We met a friend last night who had just spent a few nights in Granada, one of the few places she had been able to visit in Spain. She was staying in a cheap hostel (21 euros a night! In 2010!) overlooking a typical Granadan Plaza, with an old church at one end. At midnight she turned off the lights and lay in bed waiting for sleep, exhausted after a day of sightseeing, when suddenly, she heard the distant sound of drums.
As the drumming got louder and louder, she got up, opened her shutters, and went out onto her small terrace overlooking the Plaza. Suddenly an entire troupe of drummers and trumpeters processed slowly around the corner into the Plaza, followed by ladies in full festive Andaluz regalia, and lastly, at the end of the procession, a vast, ornate wooden float with Maria on top, shouldered by a couple of dozen men underneath.
They marched slowly into the square and up to the church where the festivities continued into the night.

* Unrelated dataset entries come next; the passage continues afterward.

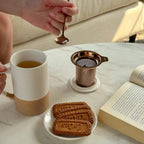 Mora 12oz Ceramic Tea Cup with Infuser, Spoon, Lid - Microwave & Dishwasher Safe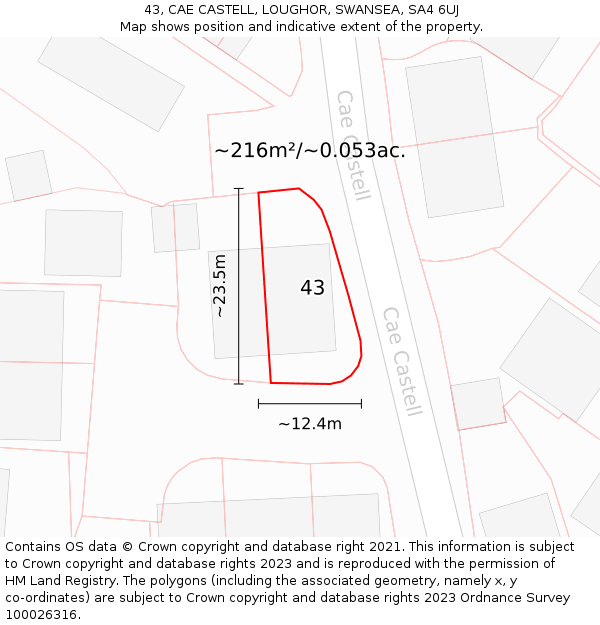 43, CAE CASTELL, LOUGHOR, SWANSEA, SA4 6UJ: Plot and title map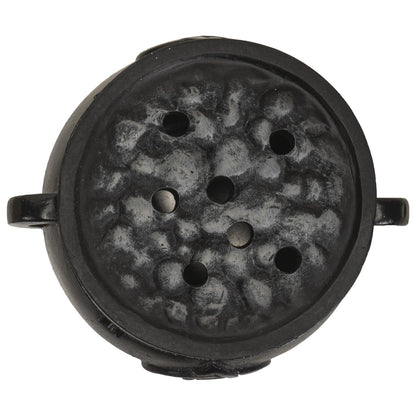 Summit Collection Gifts Black Wicca Celtic Triple Knot Cast Iron Cauldron Incense Cone Burner with Lid Triquetra Symbol Design with Star Cutouts Polyresin Home Decor 3.14" H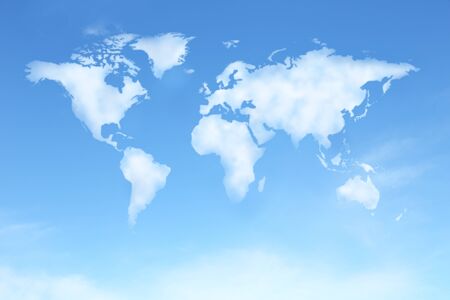 background of clear blue sky with world map in clound shapeの写真素材
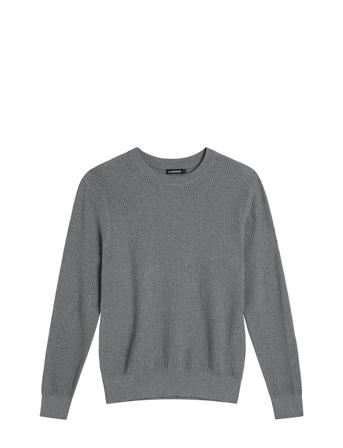 Arthur Knit Org Cotton Strikkegenser M. Rund Krage Grå J. Lindeberg*Betinget Tilbud
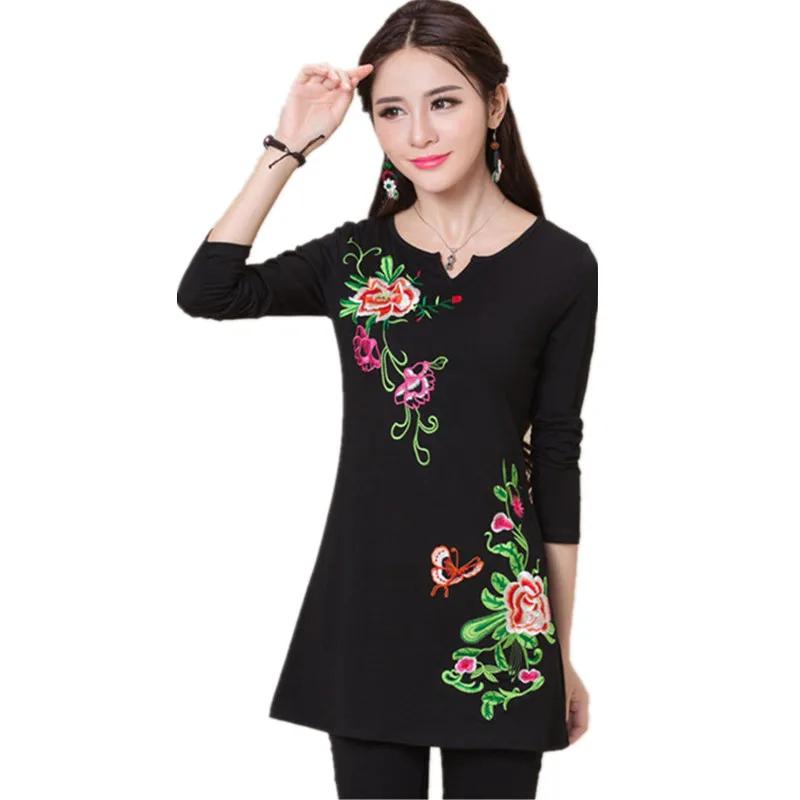 Long Sleeve Black i Весенне-летняя женская футболка 4XL с вышивкой, черные, белые, Blusas Feminina, хлопковая футболка, качественная Элегантная футболка - Цвет: Long Sleeve Black i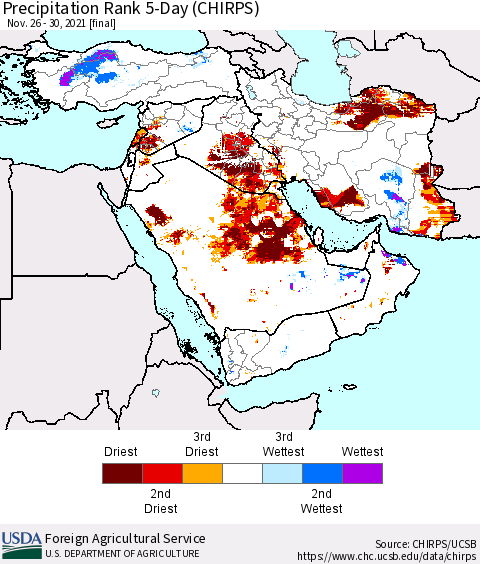 Middle East and Turkey Precipitation Rank since 1981, 5-Day (CHIRPS) Thematic Map For 11/26/2021 - 11/30/2021
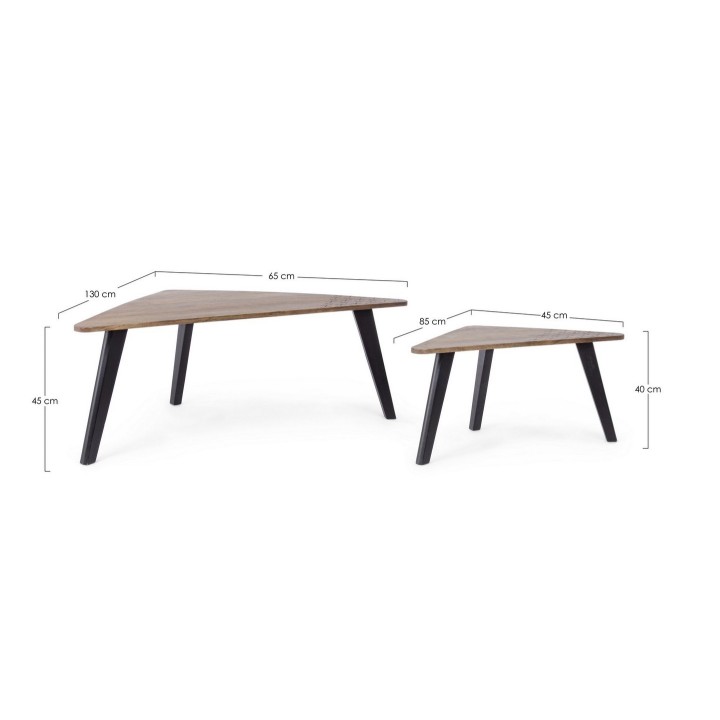 Bizzotto Tavolino Emira piccolo in legno di mango 85 × 45 cm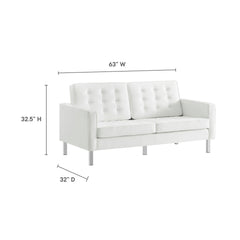 Loft Silver/White Tufted Vegan Leather Loveseat - Ornate Home
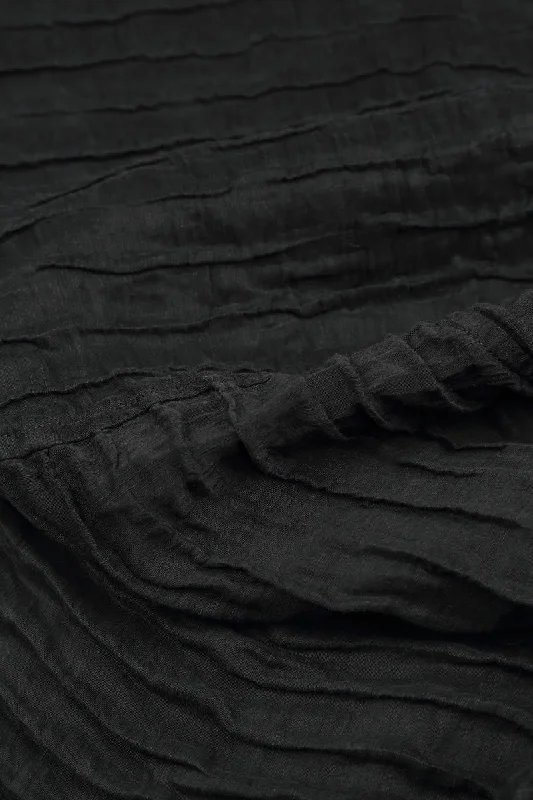 Taper Crinkled Black Silk Trousers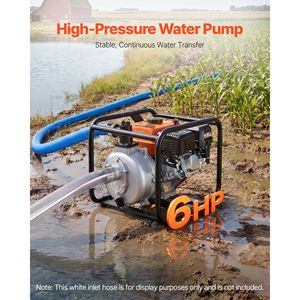 Pompa Acqua a Benzina 2-in-1 da 6HP, 128 GPM, Portatile con Tubo di Scarico da 7,6 m per Trasferimento Acqua Semi-Sporca - Product Image 2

“It was like a dream”, she said, “like a film… right there at my feet.”
More often than not I’ve found these very special experiences of Spain happen in Andalucia, but we’ve stumbled across equally fantastic fiestas in La Rioja and Galicia, and there is something uniquely captivating about the way these things suddenly come upon you in Spain.
Have you ever experienced a ‘sudden magic of Spain’ moment?